Entity Framework's "entities" are not DDD's "entities"
Evans' guidance is strongly informed by the difference between entities -- objects whose identity is important -- and value objects -- whose identity is not. His patterns talk about how to carefully rehydrate entities such that their in-memory identity matches their persistent identity (where it is important to do so). Above all, entities are first-class domain objects.

Before I joined the project, linq to SQL was rejected because it does not play well with rich domain objects. Certainly, a linq query pulls data from a record set and puts it into objects, but it does nothing to respect the identity of those objects. If you run two queries, it will happily construct two objects to represent the same ID.

The decision was made to use the Entity Framework, then in beta. The idea was that EF entities were partial classes, so domain logic could be added. The framework would handle persistence, and our code could take over from there.

As it turned out, Entity Framework is no better than linq to SQL for our purpose. The primary concern of the entity model is the mapping between record sets and objects. The entity model exists in a limbo between a good object model and a good relational model. Domain objects are, first and foremost, objects. If they have to compromise to conform to good relational design, then they fail to be good domain objects.

On the other hand, either EF or linq to SQL would make a good memento. Linq to SQL favors anonymous types, while EF favors its flavor of entity. If the persistence of domain objects handled the translation of domain objects to mementos, then either one could take it the rest of the way to the relational database.

We already had a repository and specification
The piece of advice from DDD that people most often cite is to use a pattern of Repositories and Specifications. A repository is a place to store objects when they are not in memory. A specification is a condition -- separate from the repository -- that you can use to fetch the objects you are interested in. The advantage of this pattern is that the application layer can provide the specification, the infrastructure layer the repository, and the domain objects remain blissfully unconcerned with these non-domain details.

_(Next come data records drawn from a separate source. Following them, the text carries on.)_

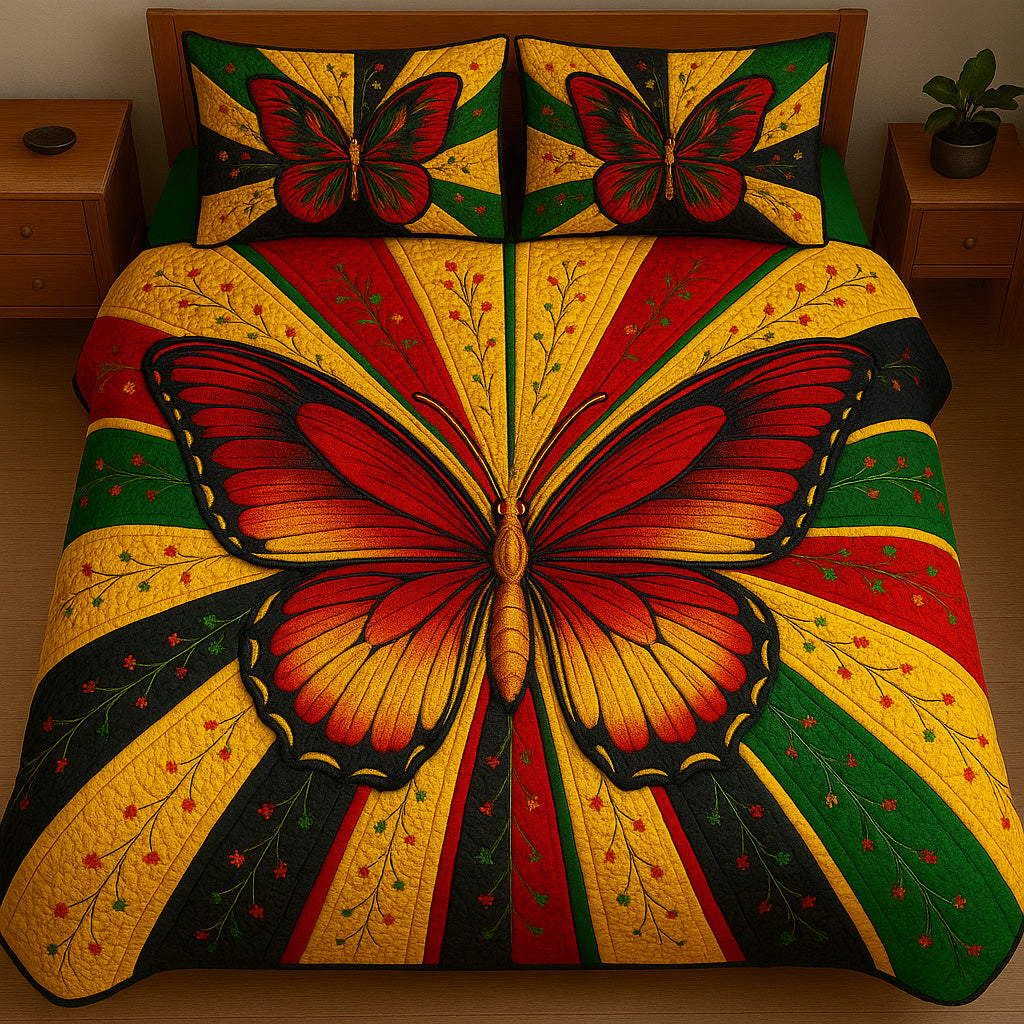 Juneteenth Butterfly Quilted Bedding Set Duvet Cover Merchandise Melanin African American Gifts Stuff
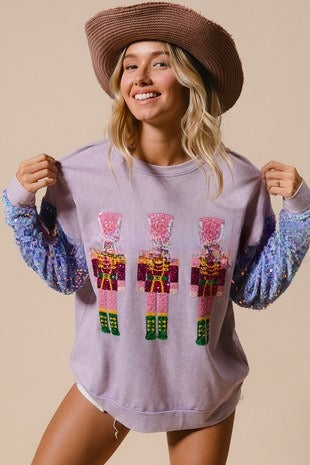 Women's Festive Sequin Padded Christmas Sweatshirt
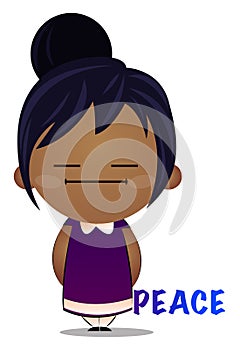 Little girl is feeling peaceful, illustration, vector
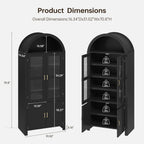 71" Tall Arched Kitchen Pantry, Modern Farmhouse Kitchens Storage Cabinets, Versatile Cupboard for Kitchen, Dining Room, Black, 1 Pc
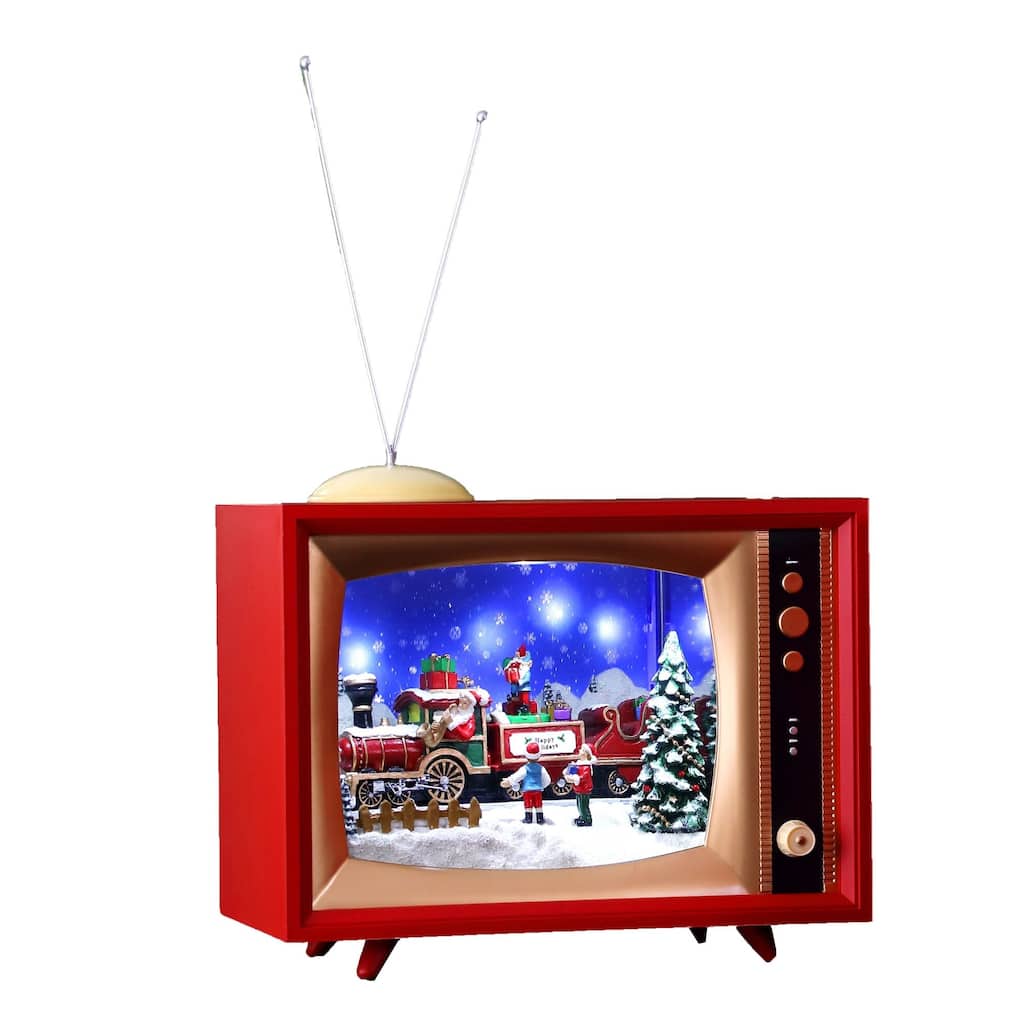 LED Lighted Cascading Snow Train in Retro Christmas TV Decoration - 15.5" - Set of 2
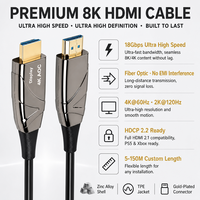 Câble Fibre Optique HDMI 2.0 AOC 4K 60Hz 18Gbps Longue Portée Anti-Interférence Tressé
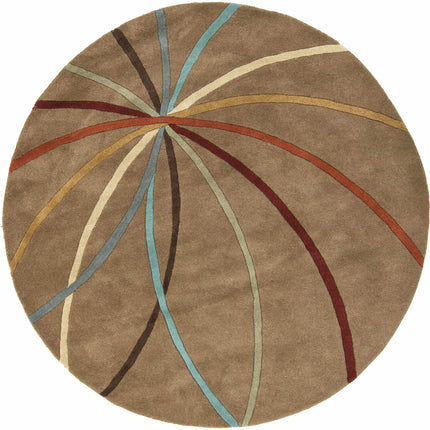 Davison Brown Geometric Modern Wool Rug Rugs TriadCommerceInc 6' Round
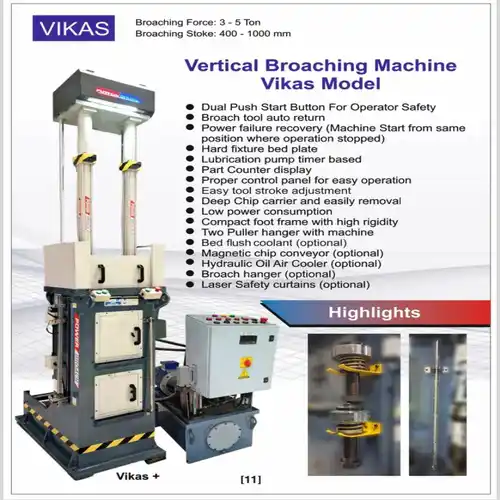 10 HP Fully Automatic Broaching Machine 50 Ton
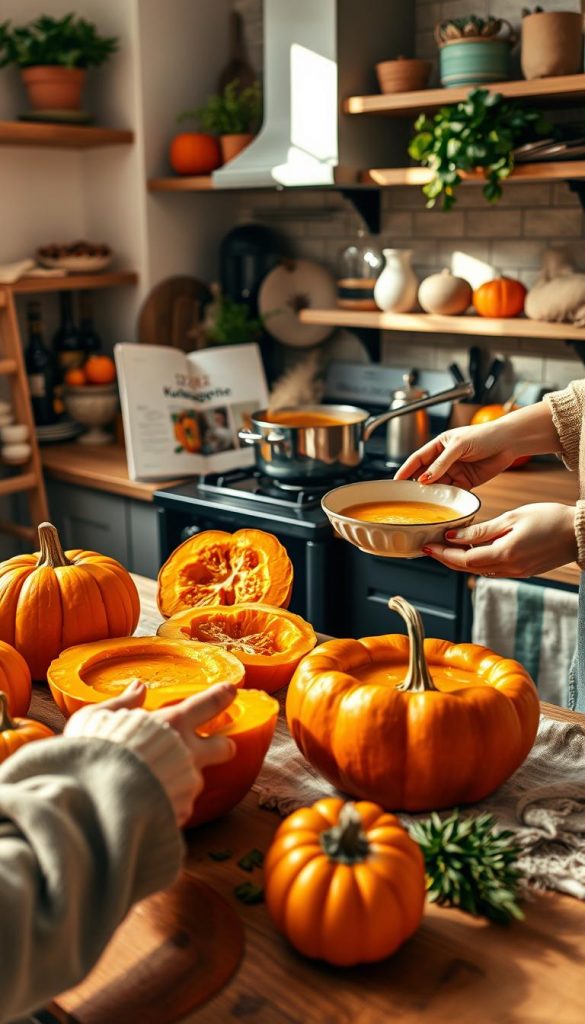 A cozy kitchen scene bathed in warm, natural light, capturing the essence of autumn cooking. In the foreground, a wooden table is adorned with vibrant pumpkins, some cut open to reveal their rich orange flesh. A pair of hands, dressed in modest casual attire, skillfully prepares pumpkin dishes, such as a soup and a pie, with appealing, colorful ingredients laid out beside them. In the middle ground, a bubbling pot on a stove simmers with a fragrant mixture, while a recipe book titled "12 Kürbisgerichte für Kinder" is slightly open. The background features cozy shelves stocked with cooking essentials, herbs, and a hint of a family-friendly atmosphere. The overall mood is warm and inviting, reflecting authenticity and inspiration, ideal for a family cooking experience. The brand "KlickKiste" subtly incorporated into the kitchen decor adds a charming touch.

The piece of advice that is not often cited, however, is "don't fight your frameworks" (page 157). If your framework already has a good implementation of the pattern, just use it. This is advice that we ignored to our peril.

.NET 3.5 introduced linq. Besides the language features that support linq, the core framework component is the IQueryable interface. As it happens, IQueryable is the repository/specification pattern. Any object that implements this interface is a repository. Any boolean delegate (or lambda expression) is a specification. Combine the two using the Where extension method, and you have implemented the pattern.

What we did, however, was to create generic interfaces with names like IAggregateRootRepository, ISpecification, and IUnitOfWork. In order to use these interfaces, you have to define entire classes that differ in no more than a class name and a where clause. The result is a common base class library that is difficult to learn and encumbered with Evans' poor choice of words. Our application is full of extra classes that could have been inlined as lambda expressions. We have an entire suite of unit tests dedicated to ensuring that these specification classes contain the right boolean expression.

Here's my solution
Although we are too far along in the process to make radical architectural changes, I like to keep an ideal in mind for new development and refactoring. The ideal is a simple one: encode business knowledge in rich domain objects, use mementos to persist them, build application and domain layers into a single process, and publish WCF web services only where needed.

I am not a born-again DDD convert. I apply Evens' advice only with an open and skeptical mind. But where I see his book brandished as justification for poor decisions, I dig deeper to find what he really meant. Yes, it takes a lot of digging, given his choice of obscure terms for otherwise well-known concepts, but there is value to be found.